━━━ Excerpted data

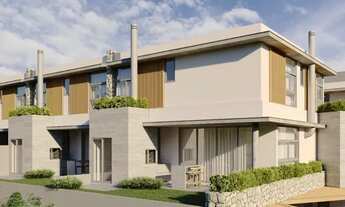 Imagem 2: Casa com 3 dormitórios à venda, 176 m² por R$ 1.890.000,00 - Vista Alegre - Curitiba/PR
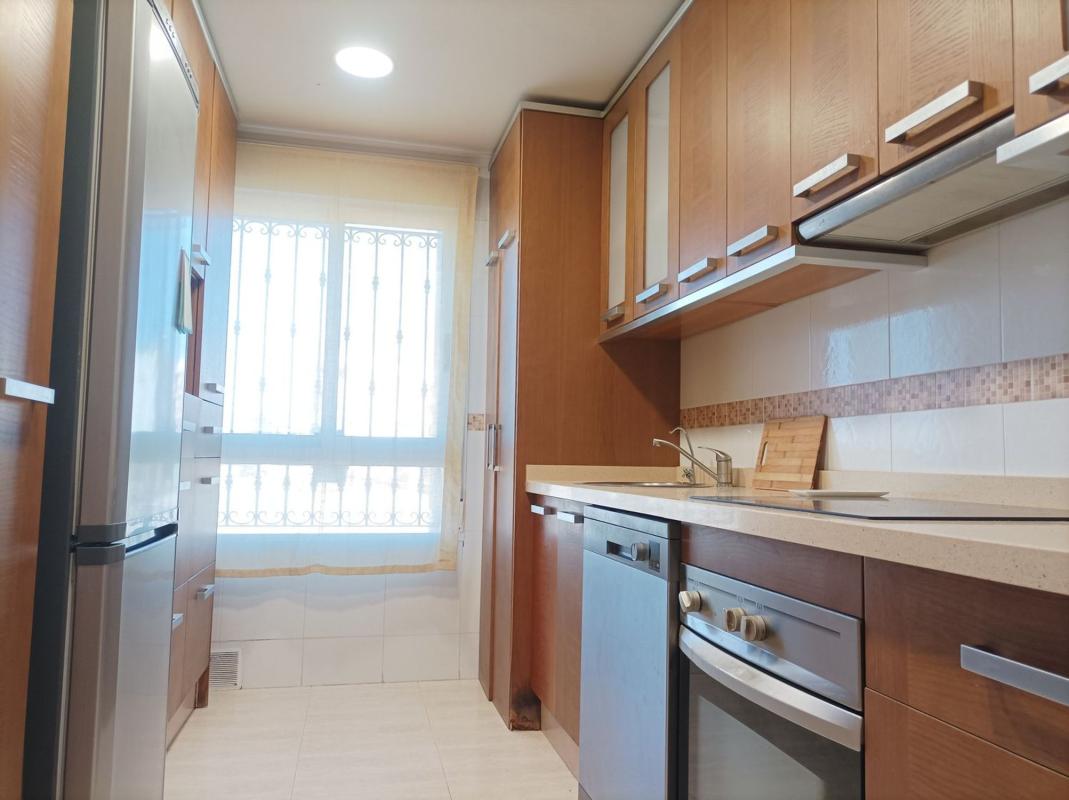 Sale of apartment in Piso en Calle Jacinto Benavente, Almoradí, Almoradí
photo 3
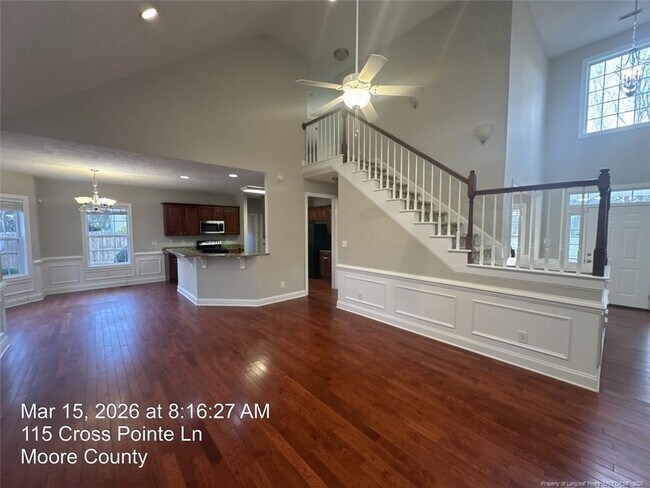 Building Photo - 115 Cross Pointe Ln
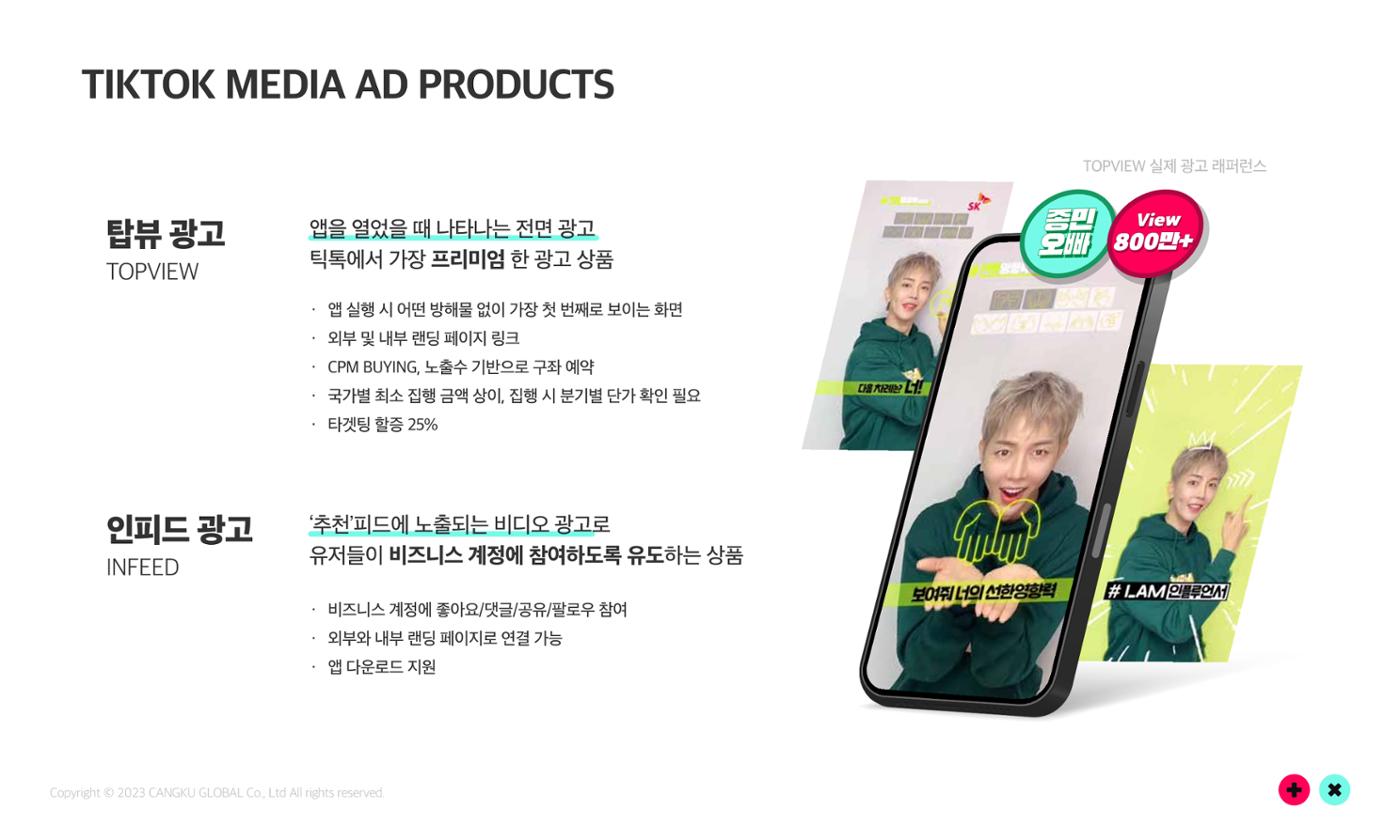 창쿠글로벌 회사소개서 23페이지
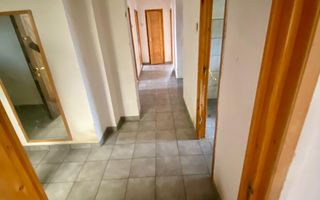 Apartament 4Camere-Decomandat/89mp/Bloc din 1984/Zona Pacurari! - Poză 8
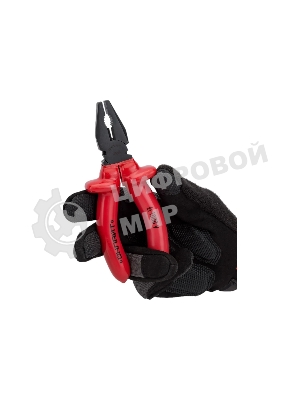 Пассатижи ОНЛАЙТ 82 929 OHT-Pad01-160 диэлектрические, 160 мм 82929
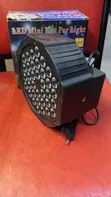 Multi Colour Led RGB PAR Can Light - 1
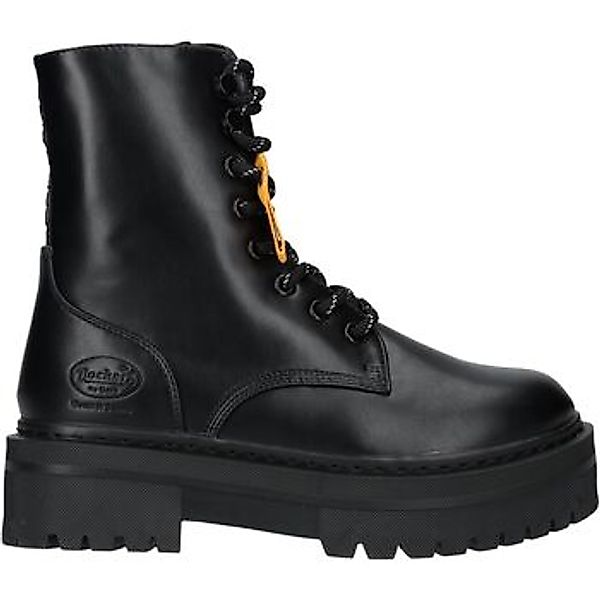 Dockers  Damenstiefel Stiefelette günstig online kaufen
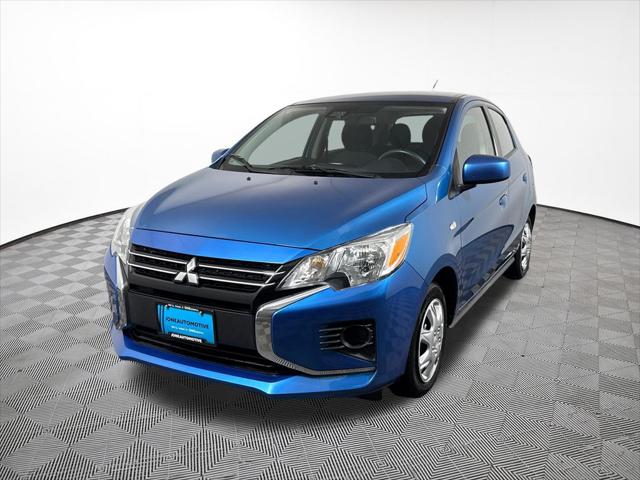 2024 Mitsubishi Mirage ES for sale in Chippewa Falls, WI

━━━━━━

Exercise details ▸ Begin with the first line of the entries above and write out each line exactly, ending with the line containing "Multi Colour Led RGB PAR Can Light - 1". Leave out pictures.

Result for this exercise ▸
 Imagem 2: Casa com 3 dormitórios à venda, 176 m² por R$ 1.890.000,00 - Vista Alegre - Curitiba/PR
 Sale of apartment in Piso en Calle Jacinto Benavente, Almoradí, Almoradí
photo 3
 Building Photo - 115 Cross Pointe Ln
 창쿠글로벌 회사소개서 23페이지
 Apartament 4Camere-Decomandat/89mp/Bloc din 1984/Zona Pacurari! - Poză 8
 Пассатижи ОНЛАЙТ 82 929 OHT-Pad01-160 диэлектрические, 160 мм 82929
 Multi Colour Led RGB PAR Can Light - 1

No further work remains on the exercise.